Judicial Watch Asks U.S. Supreme Court to Reverse Lower Court Ruling Granting Unchecked Administrative Power to FCC to Impose Net Neutrality
D.C. Circuit Decision Unlawfully ‘Undermined the Constitutional Separation of Powers’ and Threatens to ‘Destroy Enormous Amounts of National Wealth’
(Washington, DC) – Judicial Watch today announced it joined the Allied Educational Foundation (AEF) in submitting an amici curiae brief to the U.S. Supreme Court, urging the court to hear the appeal of the 2015 case regarding an Obama-era FCC decision which reclassified broadband Internet as a public utility so that it could impose its restrictive net neutrality rules (United States Telecom Association, et al. v. Federal Communications Commission and United States of America (No. 15-1063)). Judicial Watch argues that the circuit court’s decision “undermined the constitutional separation of powers” by allowing the FCC to directly intervene in the broadband Internet economy.”

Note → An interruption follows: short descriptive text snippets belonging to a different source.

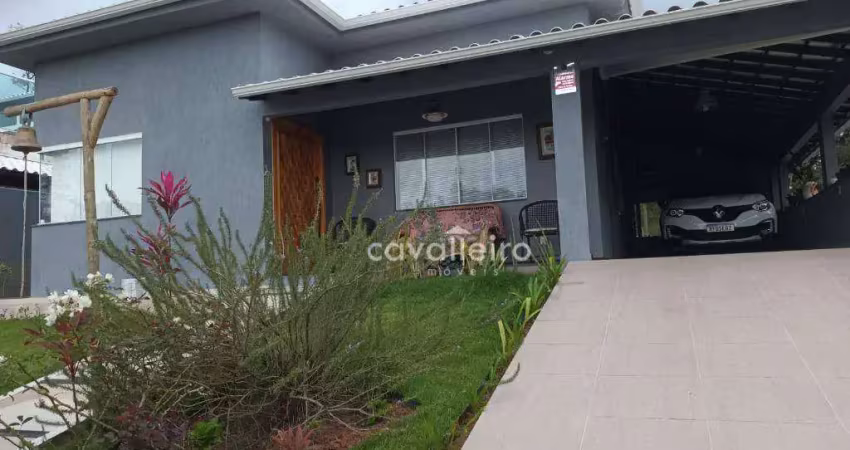 Casa com 3 dormitórios à venda, 163 m² por r$ 950.000,00 - jardim atlântico leste (itaipuaçu) - maricá/rj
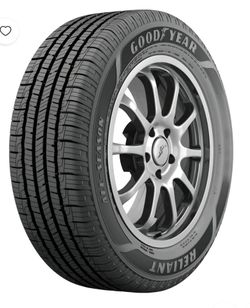 Like new! Set of 4: Goodyear Reliant All-Season 225/65R17 102H All-Season Tire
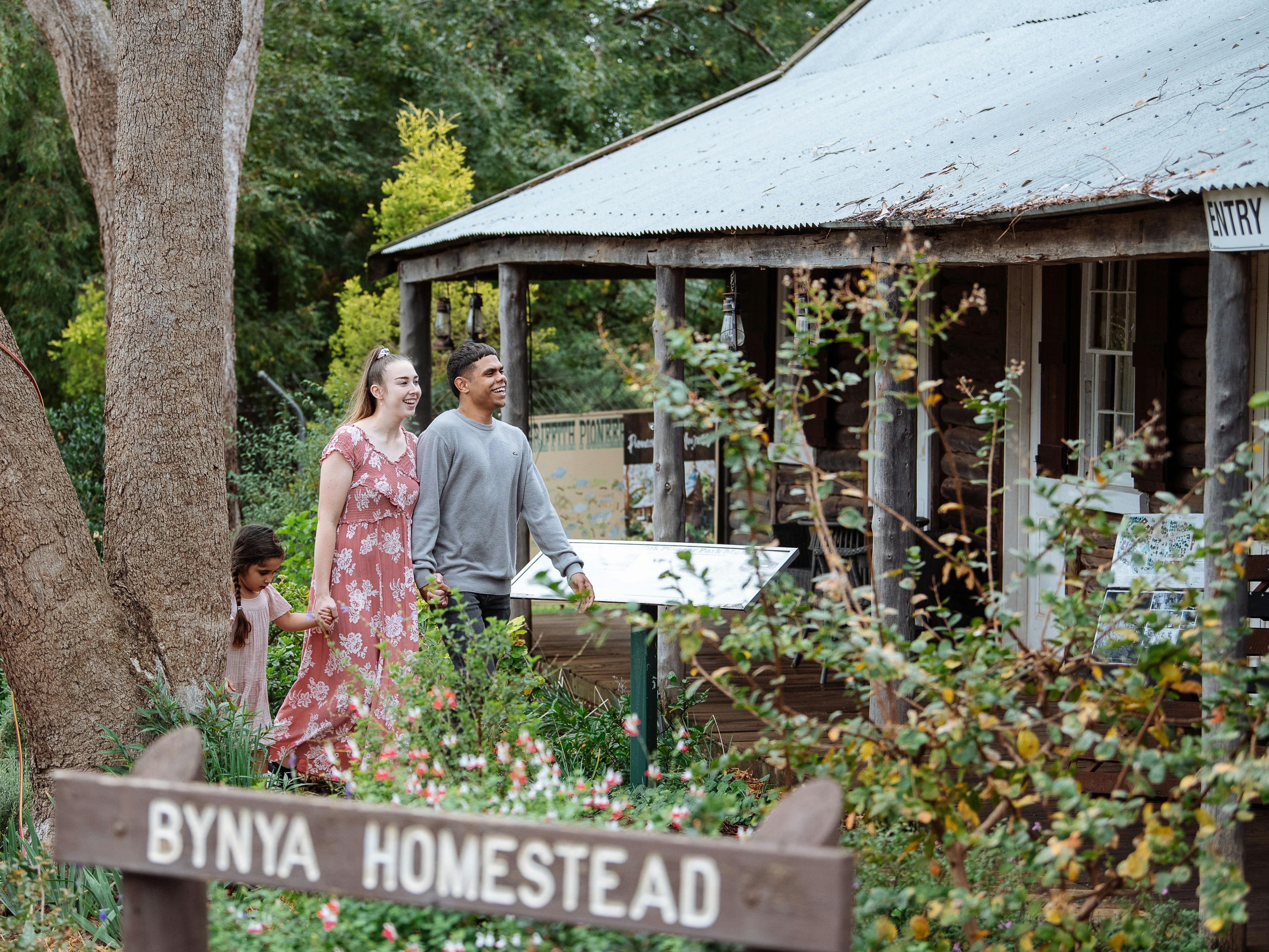 Bynya Homestead and Museum Entrance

The amici brief also argues that the lower court’s ruling will expose the FCC to undue influence from politicians and lobbyists now and in the future:
The U.S. Court of Appeals for the D.C. Circuit gave an administrative agency like the Federal Communications Commission extended future powers to destroy enormous amounts of national wealth by reclassifying and regulating broadband Internet service… The result will be constant risk of damage to a major portion of the American economy and a simultaneous increase in wasteful rent-seeking behavior and agency lobbying. Amici are additionally concerned that unless this Court acts to rein in an unchecked administrative state, federal separation of powers doctrine will be badly undermined.

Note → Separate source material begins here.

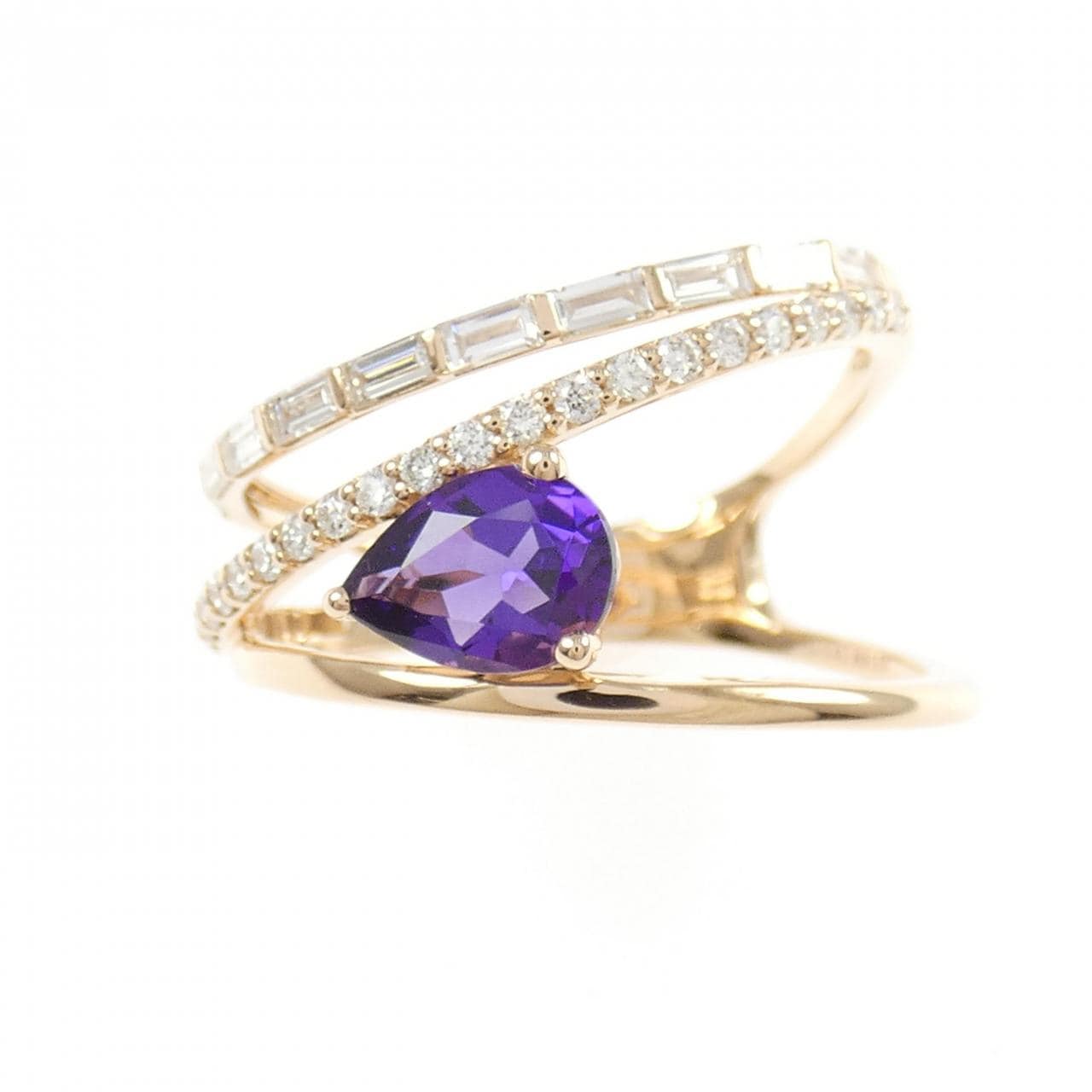 K18PG アメジスト リング 0.54CT
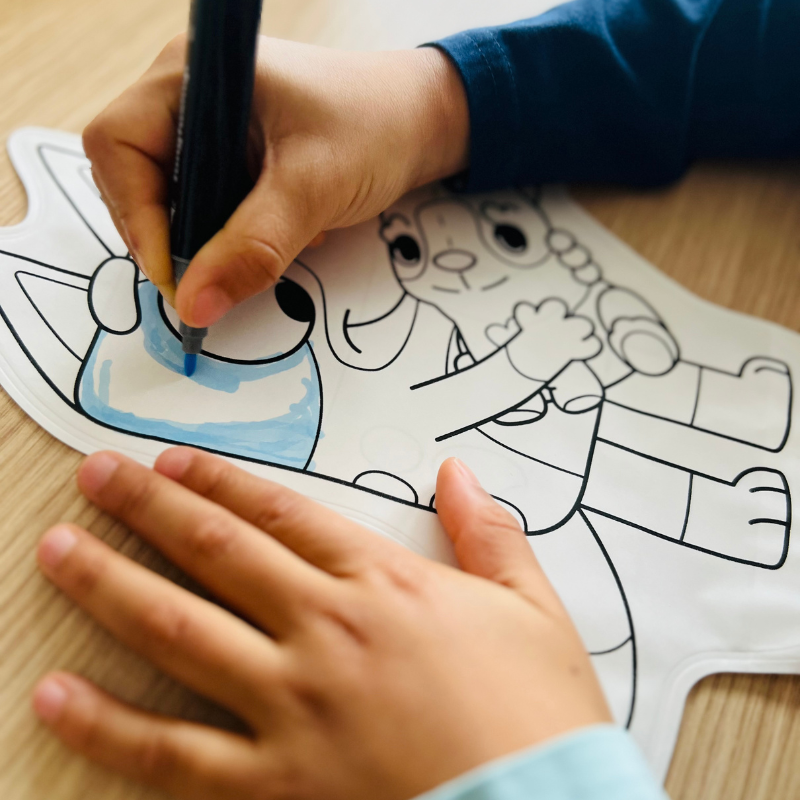 Dibujos inflables para pintar Bluey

Additionally, Judicial Watch and AEF argue that the D.C. Circuit’s decision “is blessing Congress’ evasion of its constitutional responsibility to make laws. This will lead the executive branch to continue to usurp this authority with bolder and more inventive interpretations of decades-old statutes until eventually all real lawmaking power will lie in the executive and the judiciary.”
On May 18, 2017, the FCC voted to propose a new review of the Obama-era net neutrality regulations passed in 2015 on Internet service, which greatly increased the FCC’s management of Internet content delivery and operations. In July, Judicial Watch and AEF submitted comments to the FCC:
[T]he prior FCC was not content to merely protect Internet openness. Rather than adopt simple rules toward that end, the prior FCC adopted a raft of economic regulations that serve little purpose other than to bring a thriving and successful industry to heel, placing it under the control of federal regulators. This was a simple power grab, taking decision-making authority away from entrepreneurial businesses and putting it in the hands of the FCC.
Judicial Watch/AEF also highlighted the political motivation behind the Obama FCC “power grab” that produced this “politically corrupted decision to regulate the Internet:
The prior FCC’s adoption of the net neutrality regulations was a politically-corrupted decision, which will do far more to increase the wealth of Washington DC power-brokers and lobbyists than it will to protect consumers… These net neutrality rules are a far-left, base-appeasing federal power grab. The regulations as written are certain to increase the amount of rent-seeking behavior already present in a usually smoothly functioning industry. As industry players position themselves to curry favor with federal bureaucrats possessed of far-reaching adjudicatory powers, Internet innovation, investment and consumers all will suffer.
The Judicial Watch/AEF comments were quoted twice in the FCC’s recent order:
Should the hypothetical harms that proponents of Title II imagine eventually come to pass, application of the antitrust laws would address those harms. fn. 517 … Judicial Watch Comments at 12 (asserting that “most of the potential or imagined future violations of net neutrality principles are already illegal under antitrust laws, including acts like website blocking, charging monopoly rents, collusion between industry players, and unfair competition. The existing antitrust laws can already be enforced against broadband providers by the Justice Department, the Federal Trade Commission, and the 50 State Attorneys General.”)
And to the extent an ISP has market power, antitrust law would only allow such ISPs to engage in pro-competitive paid prioritization practices. fn. 910 Judicial Watch Comments at 9-10 (“Allowing a two-sided market to flourish is more effective than regulation for keeping consumer prices low even in true monopoly provider cases, which broadband Internet is likely not, given the ubiquity of wireless broadband.”)
“The Obama FCC’s attempted takeover of the Internet under the fake guise of ‘net neutrality,’ which was blessed by the D.C. Court of Appeals, must be stopped and not allowed to serve as a precedent for further expansion of unconstitutional actions by the federal bureaucracy,” said Judicial Watch President Tom Fitton.
In May 2017, Judicial Watch filed a Freedom of Information Act (FOIA) lawsuit against the FCC seeking records of the Obama White House’s influence in the FCC’s decision to reclassify broadband Internet as a public utility so that it could impose its restrictive net neutrality regulatory rules (Judicial Watch v. Federal Communications Commission (No. 1:17-cv-00933)).